» **PROBLEM DESCRIPTION**
Every entry is to be reproduced word for word, but the images are not.

DATA SHOWN START

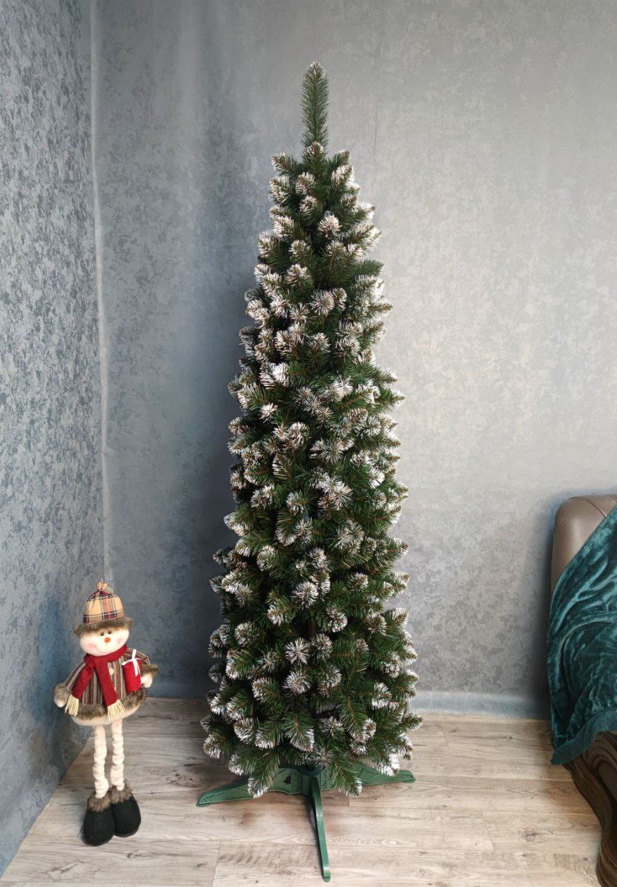 Штучна ялинка Лідія Слім ПВХ з підставкою 1,80 м Зелений/Білий (NYT15208)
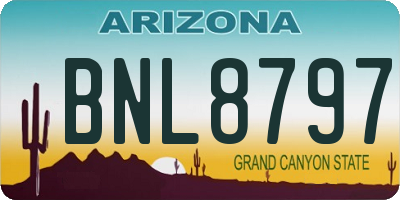 AZ license plate BNL8797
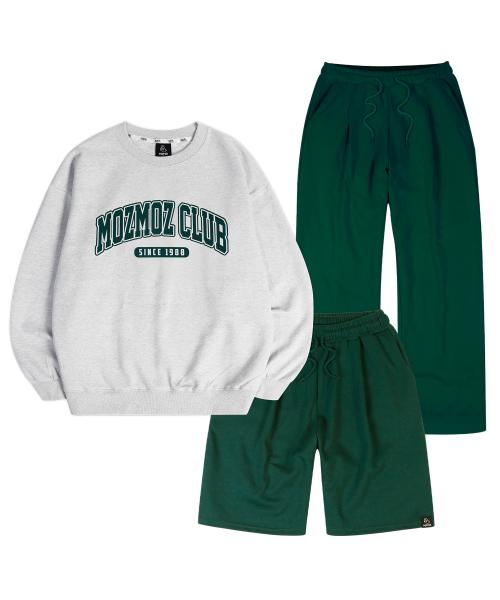 [Mozmoz] [SET] ボトムス選択 アーチロゴ スウェット トレーニングセット バックメランジ mozs029bm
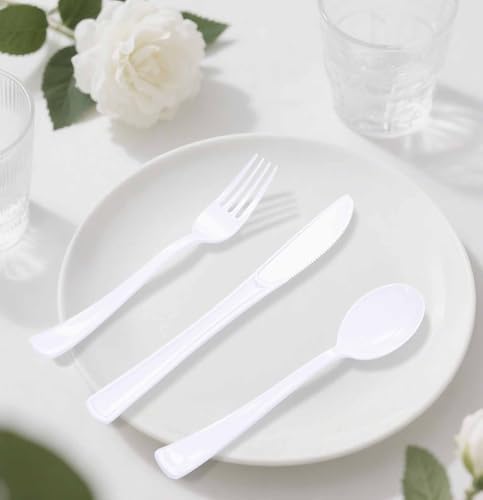 HEIPINIUYE 75 Pack White Plastic Cutlery Heavy Duty White Plastic Knives Forks and Spoons Disposable Silverware Set for 25 Guest Camping Birthday Baby Shower Party Cutlery Set
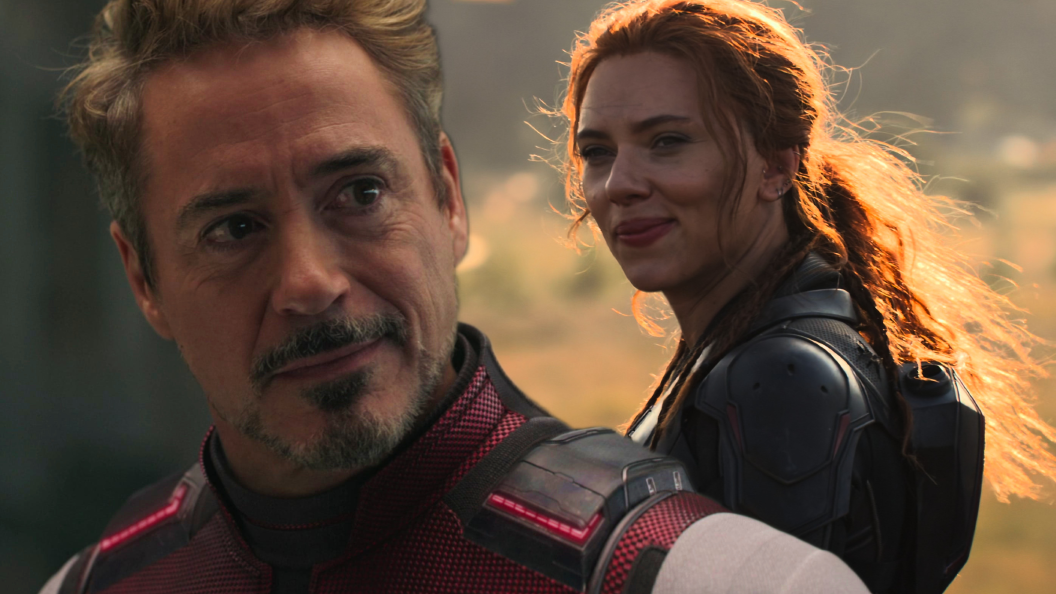 Split image of Robert Downey Jr. as Tony Stark and Scarlett Johansson as Black Widow in the MCU
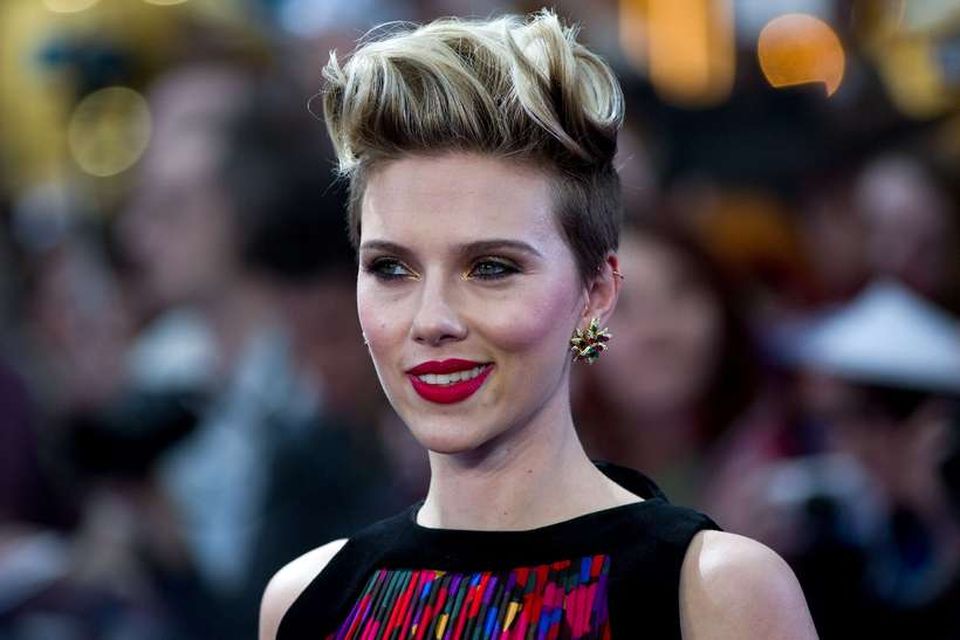Scarlett Johansson á frumsýningu Avengers: Age of Ultron.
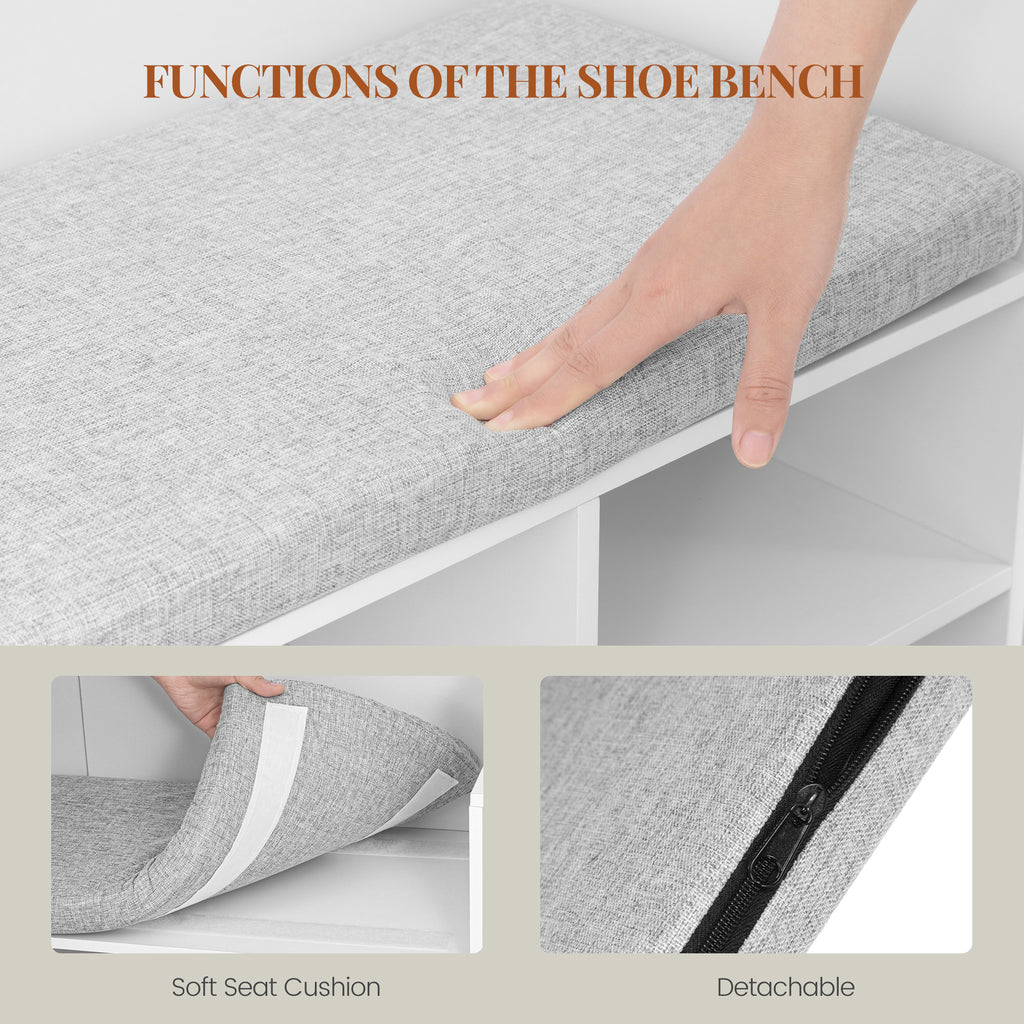 HEXCELEN Coat Rack with Shoe Bench, 35 x 150 x 193.2 cm, with 23 Open Compartments and 9 Hooks, Adjustable Shelves, for Hallways, Entrances, Living Rooms, White 7215003X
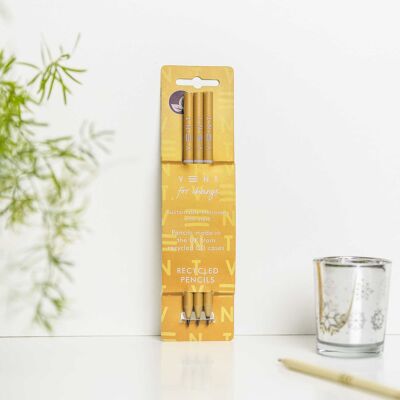 Bleistifte im 3er-Pack recycelt – Make a Mark Yellow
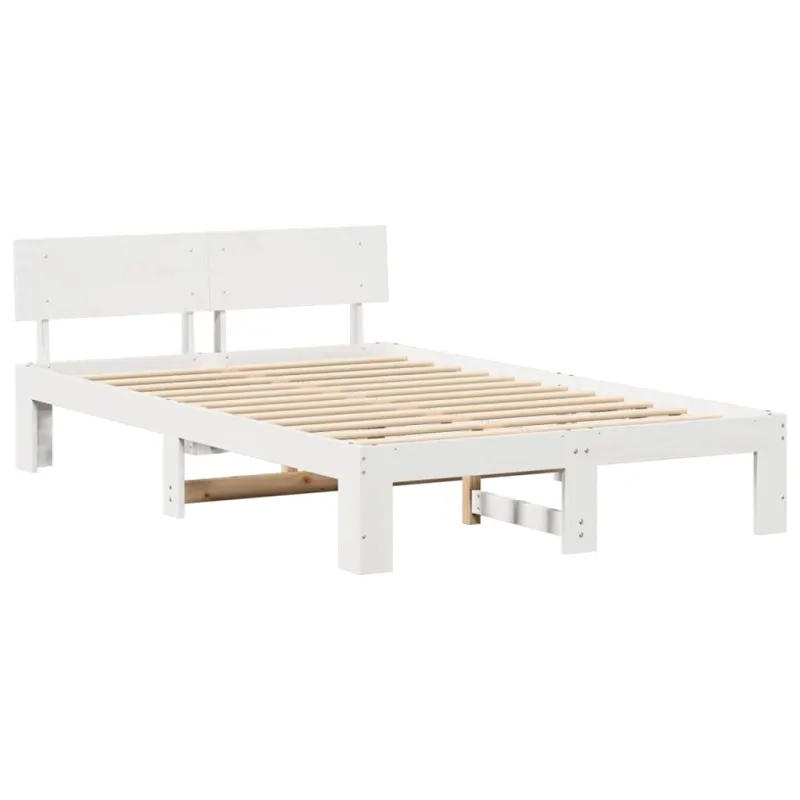 Lovos rėmas Balta 140 x 190 cm Kietos pušies mediena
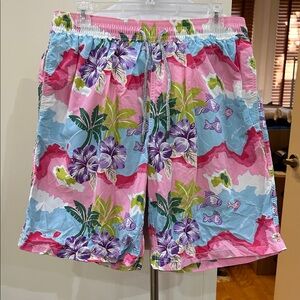 Vilebrequin Pink and Blue Floral Swim Trunks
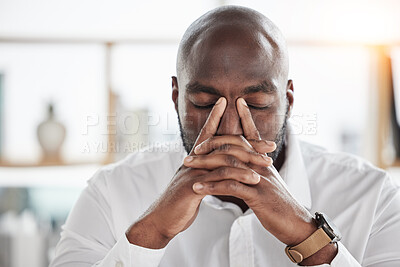 Buy stock photo Business man, headache and stress or frustrated in office for financial taxes, mistake and problem with debt or crisis. Angry, fatigue or tired professional accountant, worker or african person pain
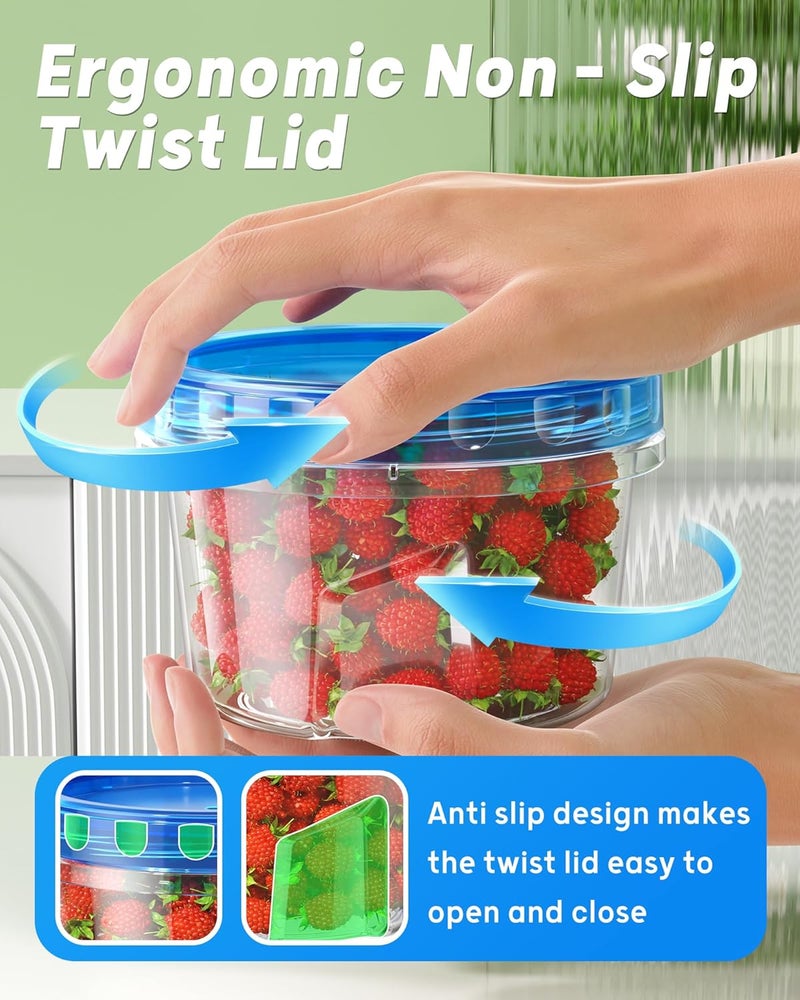 BiuLeon 6 Pack 17oz Freezer Storage Containers with Twist Top Lids - BPA Free and Reusable - Image 3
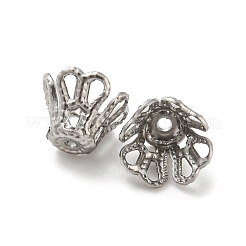 変色しない316サージカルステンレススチールビーズキャップ  4花びら  花  ステンレス鋼色  7x5mm  穴：0.8mm&nbsp;X-STAS-Q310-09B-P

DATA SHOWN END

» **ANSWER TO THE PROBLEM**
 Штучна ялинка Лідія Слім ПВХ з підставкою 1,80 м Зелений/Білий (NYT15208)
 AZ license plate BNL8797
 [Mozmoz] [SET] ボトムス選択 アーチロゴ スウェット トレーニングセット バックメランジ mozs029bm
 HEIPINIUYE 75 Pack White Plastic Cutlery Heavy Duty White Plastic Knives Forks and Spoons Disposable Silverware Set for 25 Guest Camping Birthday Baby Shower Party Cutlery Set
 Split image of Robert Downey Jr. as Tony Stark and Scarlett Johansson as Black Widow in the MCU
Scarlett Johansson á frumsýningu Avengers: Age of Ultron.
 HEXCELEN Coat Rack with Shoe Bench, 35 x 150 x 193.2 cm, with 23 Open Compartments and 9 Hooks, Adjustable Shelves, for Hallways, Entrances, Living Rooms, White 7215003X
 Bleistifte im 3er-Pack recycelt – Make a Mark Yellow
 Lovos rėmas Balta 140 x 190 cm Kietos pušies mediena
 Vilebrequin Pink and Blue Floral Swim Trunks
 Buy stock photo Business man, headache and stress or frustrated in office for financial taxes, mistake and problem with debt or crisis. Angry, fatigue or tired professional accountant, worker or african person pain
 BiuLeon 6 Pack 17oz Freezer Storage Containers with Twist Top Lids - BPA Free and Reusable - Image 3
 変色しない316サージカルステンレススチールビーズキャップ  4花びら  花  ステンレス鋼色  7x5mm  穴：0.8mm&nbsp;X-STAS-Q310-09B-P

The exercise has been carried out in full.